# Wine Cellar Plans



## bovinewines (Mar 31, 2008)

All,
I'm sorta kinda in the process of trying to buy a home and am trying to figure out a way to convert a den into a wine cellar (for both my bottles who are suffering from lack of humidity and my wine making). I'm trying to figure out how I can do this without having to tear into sheetrock and all of that. 


This is a first home...so I only plan to be there about 5 years. Would it be better to simply build something out in the garage that can be dismantled later?


----------



## JWMINNESOTA (Mar 31, 2008)

Or, you could send them up here Bovine, I have room , and heck, id even give ya back whatever is left in five years.


----------



## swillologist (Mar 31, 2008)

It always amazes how people in here are alway willing to help each other out.
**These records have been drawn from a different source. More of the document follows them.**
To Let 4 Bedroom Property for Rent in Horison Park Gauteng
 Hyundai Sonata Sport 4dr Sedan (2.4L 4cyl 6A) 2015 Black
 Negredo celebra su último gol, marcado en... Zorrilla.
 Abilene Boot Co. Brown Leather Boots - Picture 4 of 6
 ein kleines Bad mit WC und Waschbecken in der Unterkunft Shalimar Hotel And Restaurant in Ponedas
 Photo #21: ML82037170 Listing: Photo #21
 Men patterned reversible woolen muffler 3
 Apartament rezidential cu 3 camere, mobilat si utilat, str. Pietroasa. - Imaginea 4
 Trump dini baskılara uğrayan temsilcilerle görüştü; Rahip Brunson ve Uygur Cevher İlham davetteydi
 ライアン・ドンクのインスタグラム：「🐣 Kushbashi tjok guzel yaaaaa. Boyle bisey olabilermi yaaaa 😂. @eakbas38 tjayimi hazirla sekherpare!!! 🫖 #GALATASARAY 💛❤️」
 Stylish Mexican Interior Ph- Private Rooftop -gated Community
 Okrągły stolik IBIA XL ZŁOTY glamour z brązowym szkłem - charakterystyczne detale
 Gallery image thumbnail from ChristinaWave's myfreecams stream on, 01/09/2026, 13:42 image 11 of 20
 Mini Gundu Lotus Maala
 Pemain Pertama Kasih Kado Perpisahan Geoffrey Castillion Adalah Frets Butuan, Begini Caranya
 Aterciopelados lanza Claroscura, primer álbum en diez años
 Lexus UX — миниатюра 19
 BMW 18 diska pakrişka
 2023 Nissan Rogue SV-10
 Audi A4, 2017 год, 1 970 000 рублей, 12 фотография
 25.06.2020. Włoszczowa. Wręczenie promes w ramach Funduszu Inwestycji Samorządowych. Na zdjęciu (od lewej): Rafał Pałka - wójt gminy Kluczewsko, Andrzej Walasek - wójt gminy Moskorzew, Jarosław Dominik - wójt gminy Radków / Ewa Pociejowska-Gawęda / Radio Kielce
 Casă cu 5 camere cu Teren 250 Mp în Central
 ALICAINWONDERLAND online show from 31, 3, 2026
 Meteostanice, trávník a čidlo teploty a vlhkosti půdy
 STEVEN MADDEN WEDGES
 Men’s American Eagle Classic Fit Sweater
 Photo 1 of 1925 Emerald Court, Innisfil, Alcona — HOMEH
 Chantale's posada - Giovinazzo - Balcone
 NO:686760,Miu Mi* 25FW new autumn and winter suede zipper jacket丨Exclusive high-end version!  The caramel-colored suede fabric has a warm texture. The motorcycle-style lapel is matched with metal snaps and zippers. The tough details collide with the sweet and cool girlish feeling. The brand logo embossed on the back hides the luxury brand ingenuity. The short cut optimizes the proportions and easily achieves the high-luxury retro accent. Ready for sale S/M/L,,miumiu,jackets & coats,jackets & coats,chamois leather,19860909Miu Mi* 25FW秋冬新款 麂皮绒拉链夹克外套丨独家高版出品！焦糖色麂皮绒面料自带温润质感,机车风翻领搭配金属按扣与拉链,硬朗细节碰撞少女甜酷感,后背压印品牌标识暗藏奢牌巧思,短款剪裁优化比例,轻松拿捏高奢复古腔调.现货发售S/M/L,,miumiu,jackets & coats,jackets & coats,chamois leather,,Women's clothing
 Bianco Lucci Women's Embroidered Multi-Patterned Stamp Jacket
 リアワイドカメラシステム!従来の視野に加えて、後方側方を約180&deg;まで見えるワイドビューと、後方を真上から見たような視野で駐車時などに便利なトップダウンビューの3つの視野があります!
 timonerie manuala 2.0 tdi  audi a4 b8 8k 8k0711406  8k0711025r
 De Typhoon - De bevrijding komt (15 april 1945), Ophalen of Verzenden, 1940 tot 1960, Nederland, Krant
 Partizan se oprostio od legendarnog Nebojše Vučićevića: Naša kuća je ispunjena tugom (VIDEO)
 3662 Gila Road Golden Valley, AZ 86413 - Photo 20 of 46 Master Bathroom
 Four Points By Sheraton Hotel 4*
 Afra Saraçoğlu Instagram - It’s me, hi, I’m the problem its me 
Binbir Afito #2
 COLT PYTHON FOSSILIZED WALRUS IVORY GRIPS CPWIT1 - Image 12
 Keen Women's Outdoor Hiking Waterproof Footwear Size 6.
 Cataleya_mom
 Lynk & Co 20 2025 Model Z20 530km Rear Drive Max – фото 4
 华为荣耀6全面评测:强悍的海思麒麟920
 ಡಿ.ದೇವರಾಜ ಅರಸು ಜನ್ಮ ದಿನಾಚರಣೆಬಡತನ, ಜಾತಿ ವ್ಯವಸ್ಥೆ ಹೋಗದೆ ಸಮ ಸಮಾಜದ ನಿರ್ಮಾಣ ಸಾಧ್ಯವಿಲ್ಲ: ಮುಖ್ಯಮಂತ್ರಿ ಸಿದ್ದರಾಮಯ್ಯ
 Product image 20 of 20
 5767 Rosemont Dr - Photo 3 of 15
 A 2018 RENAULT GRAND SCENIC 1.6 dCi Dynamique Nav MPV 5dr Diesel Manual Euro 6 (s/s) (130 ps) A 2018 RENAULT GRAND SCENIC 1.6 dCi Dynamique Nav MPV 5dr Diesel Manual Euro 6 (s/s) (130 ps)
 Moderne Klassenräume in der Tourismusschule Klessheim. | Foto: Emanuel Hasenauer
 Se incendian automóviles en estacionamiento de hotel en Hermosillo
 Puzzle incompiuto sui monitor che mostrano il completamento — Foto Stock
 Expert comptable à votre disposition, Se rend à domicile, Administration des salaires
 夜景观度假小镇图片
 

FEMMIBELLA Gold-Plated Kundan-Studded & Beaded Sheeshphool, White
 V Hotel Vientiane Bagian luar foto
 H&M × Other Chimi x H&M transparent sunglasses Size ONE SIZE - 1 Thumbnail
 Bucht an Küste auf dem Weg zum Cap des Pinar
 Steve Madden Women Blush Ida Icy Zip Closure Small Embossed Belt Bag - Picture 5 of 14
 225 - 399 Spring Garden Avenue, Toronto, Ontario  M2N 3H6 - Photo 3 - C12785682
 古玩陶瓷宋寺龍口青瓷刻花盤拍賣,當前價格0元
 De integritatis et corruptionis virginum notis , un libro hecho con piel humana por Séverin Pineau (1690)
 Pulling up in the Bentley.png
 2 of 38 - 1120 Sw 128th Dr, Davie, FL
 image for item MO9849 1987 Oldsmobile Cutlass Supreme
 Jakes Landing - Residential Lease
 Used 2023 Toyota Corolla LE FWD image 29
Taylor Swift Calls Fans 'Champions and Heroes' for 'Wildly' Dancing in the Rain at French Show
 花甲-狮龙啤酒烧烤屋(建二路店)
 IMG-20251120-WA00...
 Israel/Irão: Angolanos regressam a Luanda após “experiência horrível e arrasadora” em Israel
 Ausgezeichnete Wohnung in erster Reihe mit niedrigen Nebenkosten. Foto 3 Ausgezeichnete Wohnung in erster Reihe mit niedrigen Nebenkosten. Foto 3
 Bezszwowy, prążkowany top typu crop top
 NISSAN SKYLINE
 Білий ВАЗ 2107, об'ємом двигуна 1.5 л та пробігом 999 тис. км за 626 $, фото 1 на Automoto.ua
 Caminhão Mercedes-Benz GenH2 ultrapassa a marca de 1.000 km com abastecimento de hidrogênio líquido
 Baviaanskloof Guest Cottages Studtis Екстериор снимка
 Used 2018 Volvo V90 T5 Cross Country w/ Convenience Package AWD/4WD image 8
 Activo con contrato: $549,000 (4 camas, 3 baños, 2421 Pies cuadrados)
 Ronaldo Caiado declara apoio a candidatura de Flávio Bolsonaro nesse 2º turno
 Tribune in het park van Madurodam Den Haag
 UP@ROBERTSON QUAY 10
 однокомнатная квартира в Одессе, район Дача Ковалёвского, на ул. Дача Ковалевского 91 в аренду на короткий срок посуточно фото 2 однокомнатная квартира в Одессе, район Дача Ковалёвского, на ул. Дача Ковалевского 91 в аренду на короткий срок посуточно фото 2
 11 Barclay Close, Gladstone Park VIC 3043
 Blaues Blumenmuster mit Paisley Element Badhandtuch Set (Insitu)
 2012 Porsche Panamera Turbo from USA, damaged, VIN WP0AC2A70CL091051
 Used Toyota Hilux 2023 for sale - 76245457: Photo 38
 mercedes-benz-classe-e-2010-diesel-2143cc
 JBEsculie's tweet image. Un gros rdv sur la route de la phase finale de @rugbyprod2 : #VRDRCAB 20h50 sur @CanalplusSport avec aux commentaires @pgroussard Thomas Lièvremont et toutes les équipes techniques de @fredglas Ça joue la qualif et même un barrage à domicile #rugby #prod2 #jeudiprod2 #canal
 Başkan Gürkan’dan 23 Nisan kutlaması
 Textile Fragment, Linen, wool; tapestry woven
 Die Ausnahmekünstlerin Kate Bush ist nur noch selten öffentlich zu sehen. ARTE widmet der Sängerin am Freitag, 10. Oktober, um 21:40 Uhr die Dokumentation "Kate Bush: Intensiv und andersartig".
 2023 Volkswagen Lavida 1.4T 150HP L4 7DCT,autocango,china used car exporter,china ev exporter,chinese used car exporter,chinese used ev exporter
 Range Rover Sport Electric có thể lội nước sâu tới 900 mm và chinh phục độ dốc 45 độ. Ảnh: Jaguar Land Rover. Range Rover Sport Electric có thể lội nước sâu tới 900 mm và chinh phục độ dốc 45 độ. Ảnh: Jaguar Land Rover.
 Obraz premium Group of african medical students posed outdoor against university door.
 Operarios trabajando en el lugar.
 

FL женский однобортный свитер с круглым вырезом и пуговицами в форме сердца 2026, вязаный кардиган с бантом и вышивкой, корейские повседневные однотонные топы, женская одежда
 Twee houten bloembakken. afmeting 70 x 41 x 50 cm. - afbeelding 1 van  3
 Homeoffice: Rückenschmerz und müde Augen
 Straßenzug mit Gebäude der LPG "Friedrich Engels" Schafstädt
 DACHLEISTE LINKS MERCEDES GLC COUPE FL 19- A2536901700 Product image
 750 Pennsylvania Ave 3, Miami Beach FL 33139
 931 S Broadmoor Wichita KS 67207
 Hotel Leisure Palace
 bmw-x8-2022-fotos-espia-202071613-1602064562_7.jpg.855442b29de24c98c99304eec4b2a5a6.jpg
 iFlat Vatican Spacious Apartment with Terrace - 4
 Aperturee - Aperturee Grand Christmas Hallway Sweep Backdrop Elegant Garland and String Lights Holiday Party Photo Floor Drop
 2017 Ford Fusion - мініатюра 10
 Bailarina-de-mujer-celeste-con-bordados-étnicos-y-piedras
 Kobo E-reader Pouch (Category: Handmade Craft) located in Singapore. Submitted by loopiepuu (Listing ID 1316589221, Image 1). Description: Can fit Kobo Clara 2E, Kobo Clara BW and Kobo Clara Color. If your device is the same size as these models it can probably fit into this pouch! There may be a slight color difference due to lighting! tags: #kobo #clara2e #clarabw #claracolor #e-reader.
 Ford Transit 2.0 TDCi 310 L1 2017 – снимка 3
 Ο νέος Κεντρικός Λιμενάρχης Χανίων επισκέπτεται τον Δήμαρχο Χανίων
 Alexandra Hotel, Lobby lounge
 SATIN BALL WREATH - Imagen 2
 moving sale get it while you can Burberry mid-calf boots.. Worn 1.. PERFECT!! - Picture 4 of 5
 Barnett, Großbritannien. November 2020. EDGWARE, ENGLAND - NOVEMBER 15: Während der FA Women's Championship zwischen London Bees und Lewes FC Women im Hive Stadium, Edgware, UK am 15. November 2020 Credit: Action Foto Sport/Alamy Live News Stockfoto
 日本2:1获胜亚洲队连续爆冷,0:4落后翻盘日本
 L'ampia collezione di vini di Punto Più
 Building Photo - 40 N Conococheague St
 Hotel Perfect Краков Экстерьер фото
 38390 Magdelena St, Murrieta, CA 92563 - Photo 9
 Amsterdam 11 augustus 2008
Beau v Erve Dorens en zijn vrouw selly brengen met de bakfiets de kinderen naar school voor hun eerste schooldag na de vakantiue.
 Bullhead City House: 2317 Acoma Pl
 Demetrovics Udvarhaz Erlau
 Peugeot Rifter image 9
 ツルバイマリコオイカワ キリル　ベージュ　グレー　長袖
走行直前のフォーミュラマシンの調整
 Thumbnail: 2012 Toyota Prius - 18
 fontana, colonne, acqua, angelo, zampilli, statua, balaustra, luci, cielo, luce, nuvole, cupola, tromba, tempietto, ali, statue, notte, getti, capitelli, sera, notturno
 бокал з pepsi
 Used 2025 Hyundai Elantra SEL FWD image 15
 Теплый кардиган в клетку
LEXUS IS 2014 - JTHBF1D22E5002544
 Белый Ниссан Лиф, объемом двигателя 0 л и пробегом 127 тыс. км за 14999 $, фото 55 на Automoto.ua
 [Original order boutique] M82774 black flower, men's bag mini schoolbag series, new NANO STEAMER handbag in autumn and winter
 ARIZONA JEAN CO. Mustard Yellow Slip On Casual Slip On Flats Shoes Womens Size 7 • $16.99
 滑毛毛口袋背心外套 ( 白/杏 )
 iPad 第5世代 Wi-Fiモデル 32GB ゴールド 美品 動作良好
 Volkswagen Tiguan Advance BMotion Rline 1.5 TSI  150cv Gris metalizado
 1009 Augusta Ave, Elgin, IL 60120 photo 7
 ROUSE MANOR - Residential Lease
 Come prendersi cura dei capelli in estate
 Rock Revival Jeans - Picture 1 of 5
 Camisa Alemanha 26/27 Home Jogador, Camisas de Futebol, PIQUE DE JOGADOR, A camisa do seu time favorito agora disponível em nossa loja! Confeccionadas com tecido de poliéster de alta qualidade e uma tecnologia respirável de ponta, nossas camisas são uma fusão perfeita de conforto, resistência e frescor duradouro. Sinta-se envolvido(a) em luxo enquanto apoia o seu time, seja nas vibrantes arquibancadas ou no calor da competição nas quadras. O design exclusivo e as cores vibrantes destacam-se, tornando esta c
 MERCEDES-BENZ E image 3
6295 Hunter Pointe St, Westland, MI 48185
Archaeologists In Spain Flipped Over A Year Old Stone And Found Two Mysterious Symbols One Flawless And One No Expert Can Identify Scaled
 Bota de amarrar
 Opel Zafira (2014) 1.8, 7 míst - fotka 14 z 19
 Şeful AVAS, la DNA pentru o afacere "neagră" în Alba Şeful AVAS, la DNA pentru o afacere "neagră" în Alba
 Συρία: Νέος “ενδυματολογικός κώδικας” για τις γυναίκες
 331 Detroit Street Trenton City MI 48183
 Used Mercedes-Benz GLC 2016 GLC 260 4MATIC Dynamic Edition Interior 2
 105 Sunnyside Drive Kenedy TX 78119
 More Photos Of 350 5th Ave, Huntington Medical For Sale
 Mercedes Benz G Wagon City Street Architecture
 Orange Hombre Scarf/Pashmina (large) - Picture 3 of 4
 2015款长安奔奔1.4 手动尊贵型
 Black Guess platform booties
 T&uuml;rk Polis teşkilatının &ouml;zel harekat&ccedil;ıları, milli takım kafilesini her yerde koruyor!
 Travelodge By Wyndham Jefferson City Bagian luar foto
If I ever need help I alway know whereI cango. *Edited by: swillologist *


----------



## SmokinDawg (Mar 31, 2008)

http://www.canply.org/pdf/main/plyplans/plywoodplans_wine_rack.pdf 

check this out, if you build multiple units, or change the dimentions a little, you can make these modular and easy to remove to your next abode.


----------



## bovinewines (Mar 31, 2008)

Yeah...this group is one the most supportive I've seen...always willing to give my little wine bottles a home!


----------



## rgecaprock (Apr 1, 2008)

Congratulations!!!! bovinewines. 


I'm buying a house too. Had the inspection today, close is April 15th. I have a spare room that I want to make into wine room of some type probably more like a wine sitting and drinking room and storage too. It will be my getaway place. 
Where is your house, details.....?
Do you have any pictures??
Ramona*Edited by: rgecaprock *


----------